Total minéraux : 500 à 800 kg/ha/an.

N.B : attention aux carences et aux excès Le PH est à considérer.

Carence en bore et intoxication par l’alumine dans les terres trop acides.

Blocage du zinc, du manganèse, et du fer en sols alcalins.

Un excès de phosphore peut provoquer des carences en zinc et en cuivre ou gêner l’assimilation de l’azote.

Un excès de potasse perturbe l’alimentation de la plante en magnésie, en chaux et en bore.

Une insuffisance d’eau cause une sous-alimentation générale.

Une mauvaise structure du sol (battance, semelle de labour) de même qu’un sous-sol imperméable asphyxiant sont défavorables à la circulation de l’eau dans le sol et sont une cause fréquente de la malnutrition des vergers : dénitrification lorsque le verger est inondé, asphyxie etc. et problème de circulation de sève, ralentissement du métabolisme à cause de la sécheresse en été.

Veiller à l’équilibre C/N = aménager un espace suffisant entre les arbres, favoriser la vie microbienne productrice de CO2 + N et faire attention à la faim d’azote printanière.

IL FAUT NOURRIR LES MICRO-ORGANISMES EN IMITANT LA Nature

C’est-à-dire avec les déchets organiques animaux et végétaux, qui seront apportés frais à la surface du sol par la biomasse déchétuaire (feuilles, herbes fauchés, racines, etc.) ou bien alors sous la forme d’un composte mûr épandu en surface.

Quant aux autres substances minérales dont ils ont besoin pour former leur organisme (chaux, magnésie, potasse, fer, souffre, phosphore, oligo-éléments...) ils les extraient eux-mêmes des cristaux d’argiles, du feldspath, des schistes...

Quant aux sols sableux, très pauvres, il vaut mieux les amender avec du limon et une couverture permanente d’engrais vert (lupin...) plutôt que d’apporte de la potasse.

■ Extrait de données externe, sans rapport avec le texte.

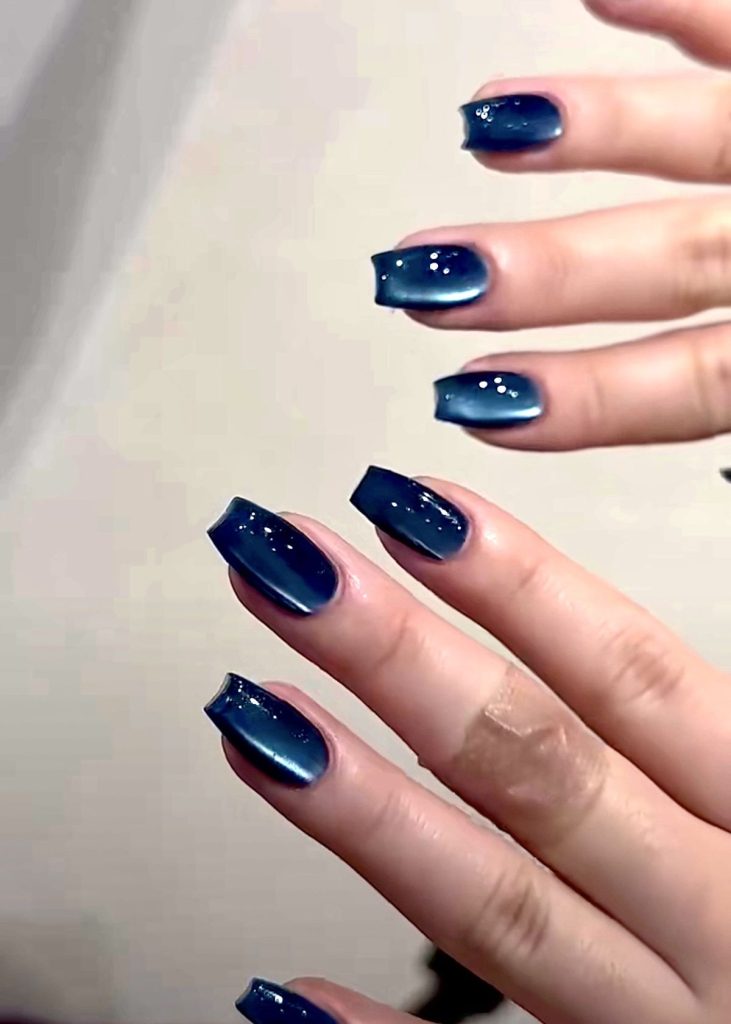 Blue Cat Eye Coffin Nails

DANS LE VERGER, ON NE MÉLANGERA PAS LE COMPOST AVEC LE SOL

On laissera le compost en surface, même s’il est mûr : dans la couche supérieure du sol se trouvent de fines radicelles qu’il est préférable de ne pas déranger. Par conséquent, on épandra directement sur le sol le compost non tamisé, même s’il contient des particules ligneuses grossières encore mal décomposées, (mais il faut éviter de laisser le compost se dessécher) il sera donc protégé par un mulch de feuilles mortes et d’adventice fauchées, imitant en cela le sol de la forêt. Le compost mûr sera épandu de préférence en automne, lorsque le sol est encore suffisamment chaud, ou bien au printemps, mais en attendant que le sol soit suffisamment réchauffé.

Donc le compost épandu en surface sera recouvert d’une bonne couche de feuilles et d’herbes fauchées (ou de la paille) haute comme la main : mais pendant l’hiver une couche plus mince est préférable si on a peur d’attirer les campagnols, et pour que le sol se réchauffe plus vite au printemps.

La couverture d’herbes fauchées qu’on mulche sur le sol du verger protège le composte et l’humus, conserve l’humidité et protège le sol contre le vent, le soleil et le dessèchement. Cependant, son rôle principal est de nourrir et de protéger les micro-organismes. C’est pourquoi cette couverture peut être assez épaisse en été, où d’ailleurs elle disparaîtra remarquablement vite, si le sol a une bonne activité microbienne.

L’épaisseur du mulch sera moins grande en hiver, afin d’éviter de donner abri aux mulots et campagnols, et aussi pour permettre au gel d’ameublir les terres argileuses...

Le mieux, c’est d’effectuer les apports de compost en automne, afin que les arbres puissent faire face à la faim de N printanière de l’année suivante avec succès et ce compost devra recevoir une mince couche d’herbes fauchées et de feuilles. Lorsque le sol des terres voisines laissées nues est déjà bien gelé, celui du verger recouvert de mulch est toujours vivant.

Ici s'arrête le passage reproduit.